In 2017, Dung began working in a production studio. As she continues to grow as a photographer, she hopes to further expand into the field of film photography. Similarly to photography, Dung conveys that, “Everything happened naturally. I love looking at beautiful things and I realised that I am also capable of creating them.”

When we sat down with Dung at Kokoïs, a bustling café in the popular neighborhood of Thao Dien, she emitted the same sense of rawness she so perfectly captures in her images, donning a long black skirt and oversized button-down shirt, which she intentionally wears backward. Her demeanor is soft, but like her images, she expresses ideas of honesty whilst keeping an air of mystery, teasing you with small glimpses of Vietnam through her eyes.

Can you tell us about yourself and your upbringing in Saigon?

I was born and raised in Ho Chi Minh City.

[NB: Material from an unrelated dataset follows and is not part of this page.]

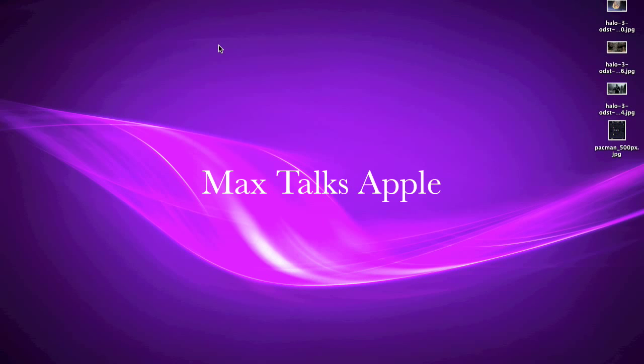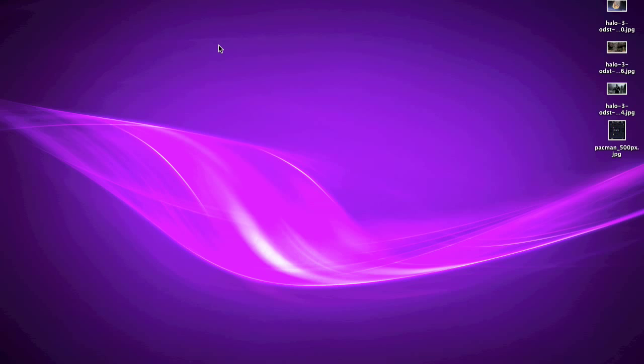Hey there, this is MaxTalksApple and today I'm going to show you how to change the Firefox theme in Mac OS X.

I loved growing up in Ho Chi Minh City but it can be quite busy and noisy at times. By making something beautiful, it is my way of escaping the busy city.

When did you become interested in photography?

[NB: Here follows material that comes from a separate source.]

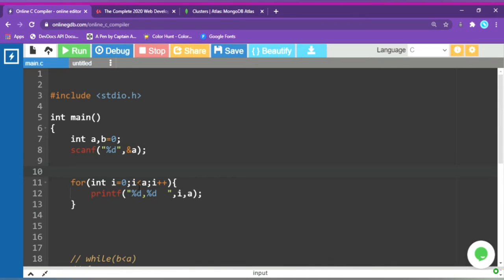You set up the variable, request a new value, and after that you do the modification section. We add the increment. If there is no modification, the loop will run forever and your laptop will crash. So make sure you include the modification. Let's run it.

I’ve always liked photography but I didn’t want to do something everyone else was doing. During my third year at university, my friend and I went on holiday to Da Lat. We were exploring in the wood and I was taking a lot of photos of her. That was my first real experience with photography, and that’s when I realised that I could create something with images. It introduced a new sense of beauty.

What do you enjoy photographing most?

People; my photographs are portraits. When I meet someone, I see something different. After the person is photographed, they see their beauty in a new way. I hope to capture feelings with my photographs so they can remember the way they felt and see the beauty of that moment. I recently got into filmmaking as well, and with film, I hope to capture that same feeling in every frame.

What are your thoughts on the creative scene in Ho Chi Minh City?

The creative scene isn’t ripe yet and that includes me. There is a lot being produced, but it lacks authenticity. I don’t blame the government or how the society is. Take the film industry in Iran, they have plenty of limitations, still, masterpieces are crafted every year. It’s nice to have support from the government or society, but first, the work must come from the creatives.

What are some of the struggles of a young creative in Vietnam and how do you see this changing and evolving?

Right now, young photographers and filmmakers are underground. There aren’t a lot of opportunities to have your work shown. The creative scene is growing and there are a lot of talented creatives, so you will start seeing more of this very soon.

Whose work has influenced you the most?

I’m influenced by my muses or models. I find that I am drawn to artwork created during wartime so I draw inspiration from it.

I also admire the works of Ren Hang and Li Hui. They’re my favorite photographers.

Your style of photography is quite open and emotional. Have you ever had models who felt uncomfortable with this style of photography and do you think this style adds to the meaning
of your photos?

Most of my models are my friends who believe in my work. I wouldn’t take pictures of those who are not interested in my work because it won’t be natural. People often question the meaning of my work but photo tells the story itself, I don’t have to say anything.

Where can someone view your photos?

Some of my photos are on my tumblr and Instagram (@nguyenngoctudung). People usually find me through friends or just hearing about my photographs.

I am also excited to be featured in the upcoming exhibit Sights and Sounds of Saigon.

Dung’s photographs were shown at an exhibit in Singapore, her first short film recently screened at a local independent film festival and she is a featured photographer at the upcoming exhibit Sights and Sounds of Saigon.